The village also boasts plans for a new railway station, offices, hotel, retail, conference facilities and 2.7 acres of public realm.

Tim Heatley, co-founder of developer Capital & Centric, said that the company was hopefully starting construction next year on its conversion of the former head office of retailer Littlewoods into a film and TV studio. He said that the demand for additional studio space was fuelled by ‘massive growth’ in demand for video content for social media and that the new studio would help Liverpool to prevent its creative talent migrating to London and other parts of the UK. “It upsets me because we want to keep that talent and spend here in the north west.”

Kitts said that the new studios were of ‘paramount importance’ for Liverpool because it would help stem the outflow of an estimated £20m from the city due to its lack of film and video post-production facilities.

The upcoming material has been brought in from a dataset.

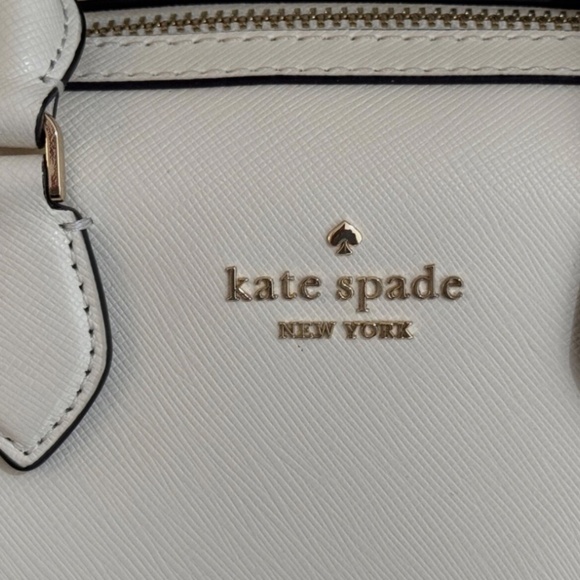 AUTHENTIC KATE SPADE NY crossbody Dolly Duffle in Meringue pre-owned - Picture 5 of 13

Alex Taylor, Unite Students’ associate acquisitions and development director, told the event that the company was on track to deliver its latest development in Liverpool city centre in 2019. The scheme, which is directly opposite Lime Street Station, boasts 1085 ensuite cluster bedrooms. Combined with the university housing specialist’s neighbouring Grand Central scheme, the Skelhorn St development would create a 2,500 bedroom student village at the northern gateway to Liverpool city centre.

Christopher Boles, senior development project manager at the Vinco Group, said that the Liverpool-based residential developer’s Tannery, a three block private rented sector development featuring 381 apartments, will be completed by 2020.